Conservatism is not an ideology. It is a cast of mind. It lives in the real world. And certainly the real world is not working so well for Middle America today. Their financial status continues to decline.

The conservative thing to do is to avoid dramatic and sudden changes that destabilize families and communities further—not to accelerate problems that exist.

Capital is mobile. But workers, many times, are not. So when a company closes its plant in the United States, and shifts production to a lower-wage country, the company may make more money but the workers, and their communities—who cannot move overseas—suddenly don’t have jobs. They are hurt.

Of course we cannot stop the effects of globalization. But we can work for trade agreements that create a more level playing field against our good but mercantilist trading partners.

Many have an inflexible ideology that the United States and the American people should allow for the completely unrestricted movement of goods and labor into the United States even when our trading partners manipulate rules for their advantage. Those truest believers are most adamant about passing this fast-track legislation fast as possible, with the least discussion possible.
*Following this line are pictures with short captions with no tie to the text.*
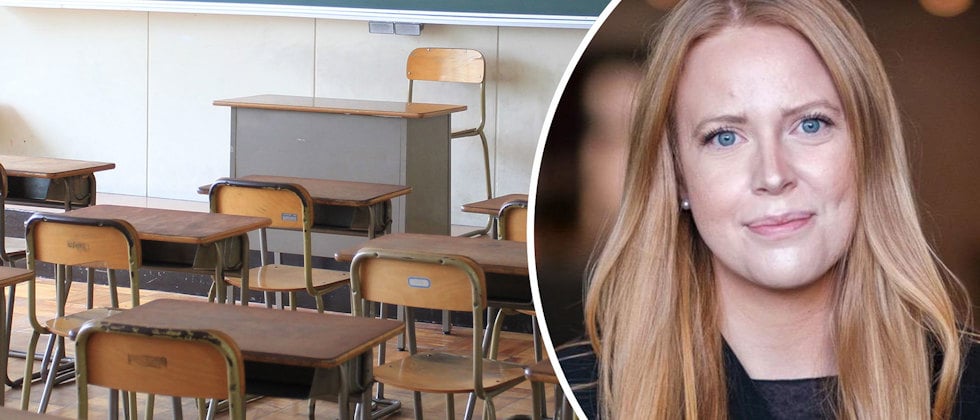 Ett porträtt av Emma Arvidsson och en genrebild av ett tomt klassrum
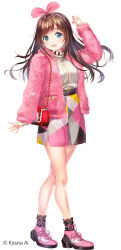 Rule 34 | 1girl, bag, belt, black belt, blue eyes, brown hair, character name, fujima takuya, full body, fur-trimmed jacket, fur trim, hairband, hand up, jacket, kizuna ai, kizuna ai inc., legs, long hair, looking at viewer, multicolored clothes, multicolored skirt, open mouth, pink footwear, pink hairband, pink jacket, shoes, simple background, skirt, smile, socks, solo, standing, sweater, virtual youtuber, white background, white sweater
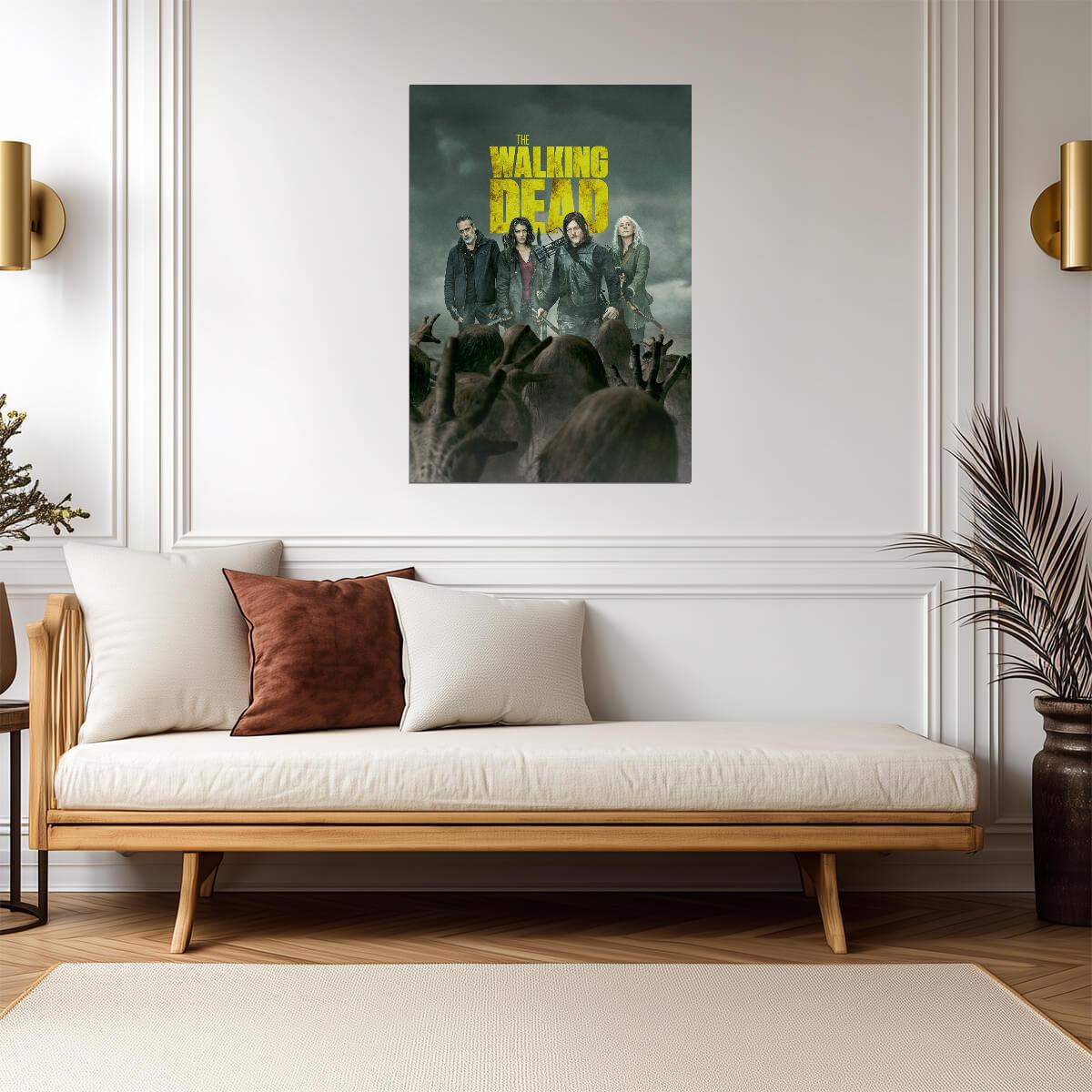 The Walking Dead Yellow Logo | Daryl Maggie & Negan with Zombie Hands | Horror Series Poster - Movies & TV Poster
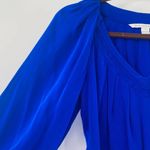 Diane Von Furstenberg  Cahil Cobalt Blue Long Sleeve V-Neck Silk Blouse Size 2 Photo 5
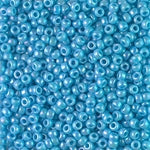 8/0 Opaque Turquoise Blue AB Miyuki Seed Bead (250 Gm) #482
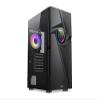 Bgears b-Vortex-RGB Gaming PC ATX case with Optical Illusion Effect ARGB Front Panel, Tempered Glass Side. 1 x USB3.0, Include a 1 x PWM 120mm b-ARGB Vortex Fans. Support up to EATX Board, Black view 1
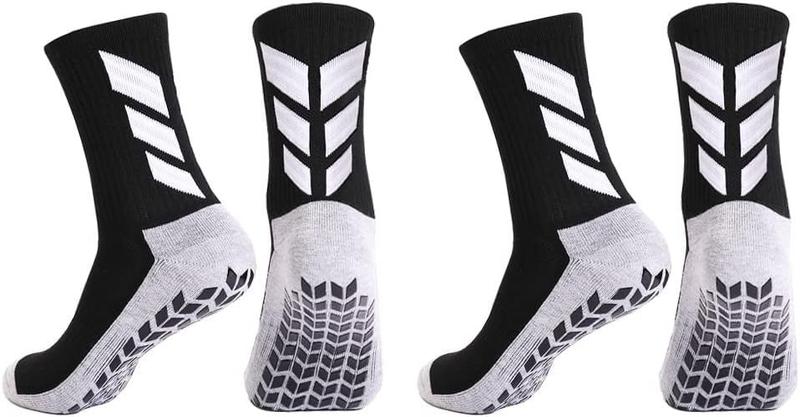 Imagem de Meias Grip Socks MENDENG Socks antiderrapantes para homens, pretas, pacote com 2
But, the United States is a country—not an economy. And a country’s job is to protect its citizens—whether from military attacks, or from unfair trade policies that threaten the economic well-being of its own people.

Any trade agreement we enter into should have a mutually beneficial economic impact on all parties to the agreement. It must not have the effect of continuing or furthering the decline of manufacturing in the United States. It should seek to end trade unfairness and to increase, not reduce, wages in the United States. We can no longer afford to lose a single job to an unfair trade deal. Not one.

But the fast-track procedure ensures that any trade deal yet-unseen can pass through Congress with a minimum of actual scrutiny. After years of soaring trade deficits, shouldn’t we apply more scrutiny to trade agreements—not less? Are we afraid to ask tough questions? Take the issue of currency manipulation: this president has refused to confront this practice that provides a clear advantage for certain foreign countries. His negotiators have refused to put any provisions in the Trans-Pacific Partnership.

Even if Congress were to force it in, I’m not even sure he would enforce it then, and, under fast-track, there would be nothing we can do to amendment or stop it.

The people pushing for this trade deal don’t want to confront currency manipulation; they think it a good thing. It reduces prices for imports. They say we should be thankful.

Finally, the reality is that this fast-track legislation is a significant vote.

Once fast-track authority has been granted, no fast-tracked deal has ever been blocked. If we want to confront currency manipulation and other unfair practices, our best bet is to have a trade bills come before the Congress through regular order—not as a fast-tracked deal. Then Congress can properly exercise the responsibilities that have been delegated to us under the Constitution of the United States.”